I first made this spinach sauce in November when I had a ton of fresh spinach hanging around and wanted something lighter (I was testing all my dessert recipes for Christmas!) It came together by me throwing everything into my food processor and hoping for the best. And let's just say, I am soooo happy with my food processor. I cannot believe there was a time when I thought they were not necessary... Yeah, I would trade in my blender any day! That being said, this entire meal is made in the food processor (except the pasta) which eliminates a ton of dishes and makes clean up a breeze.

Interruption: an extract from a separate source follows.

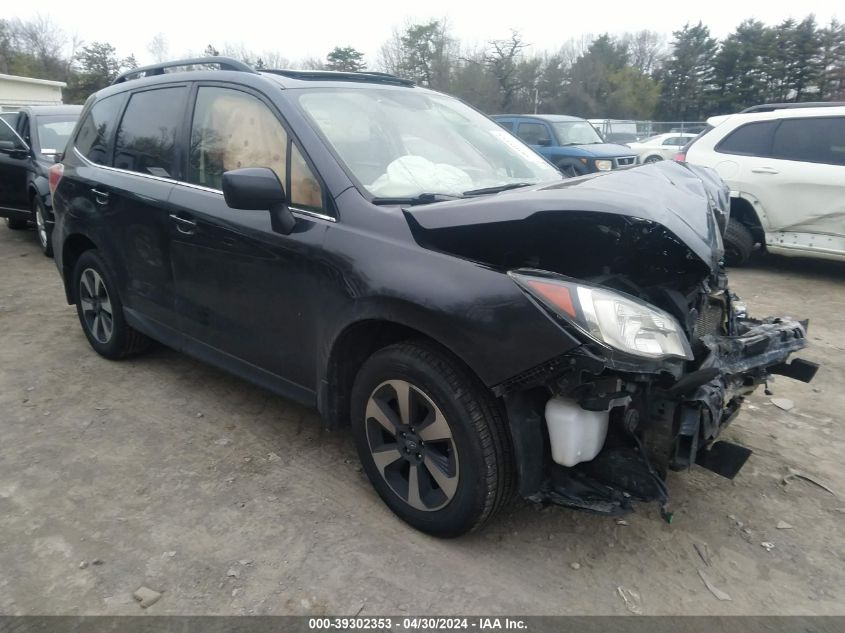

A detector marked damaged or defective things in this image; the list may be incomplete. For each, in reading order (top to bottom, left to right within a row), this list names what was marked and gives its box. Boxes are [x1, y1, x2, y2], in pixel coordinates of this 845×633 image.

crushed hood [406, 160, 728, 272]
broken headlight [508, 272, 692, 360]
severe front-end damage [406, 160, 816, 516]
damaged bumper [508, 314, 816, 516]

What I probably like most about this spinach sauce is how adaptable it is. I have tried it without the feta and it makes a wonderful vegan sauce! Poured over the correct pasta and this dish is gluten-free. You can add some ingredients here, take some away there. The only probably I ever had was increasing the walnuts to ½ cup. They seemed to overpower the dish and personally, while I did eat it, it was a bit too strong for my liking. Lesson learned, but for the most part, I cannot see anything going wrong with this recipe. My favorite part is definitely the crunch from the water chestnuts, and I was so sad this time around that I did not have a can on hand 🙁
- 4 oz baby spinach
- 1 head of roasted garlic (see recipe link below.)
- Half a lemon, juiced
- 1 cup canned chickpeas + more for topping
- ¼ cup walnut halves
- ¼ tsp. chili flakes
- 1 tbsp. avocado oil or preferred oil
- ¼ cup chopped feta cheese + more for topping (exclude for vegan option.)
- 1 small can water-chestnuts, drained and chopped
- Salt and pepper (exclude salt if using feta cheese)
- In your food processor, puree together the spinach, walnuts, roasted garlic, lemon juice, chickpeas, chili flakes, pepper, and feta if using (if you are omitting, add salt!) Puree and add the 1 tbsp. oil slowly until the mixture is smooth (adding another tbsp. if necessary.)
- Serve the sauce over your favorite pasta and garish with waster-chestnuts, chickpeas, and feta if desired.
Nutrition Information:Yield: 6 Serving Size: 1
Amount Per Serving: Calories: 157Total Fat: 10gSaturated Fat: 2gTrans Fat: 0gUnsaturated Fat: 7gCholesterol: 6mgSodium: 193mgCarbohydrates: 15gFiber: 3gSugar: 3gProtein: 5g
(Recipe for roasted garlic.)
This recipe was the first time I experimented with avocado oil and I was so happy! I have had it in food before, and while its nutritional values are great, I am more inclined to buy it because it has a high smoke point. You all know what I am talking about: nothing worse than searing some chicken or steaks at high temperatures on the stove and the smoke starts appearing. It is actually neat how clear the oil is (not going to lie, was totally expecting it to be green!)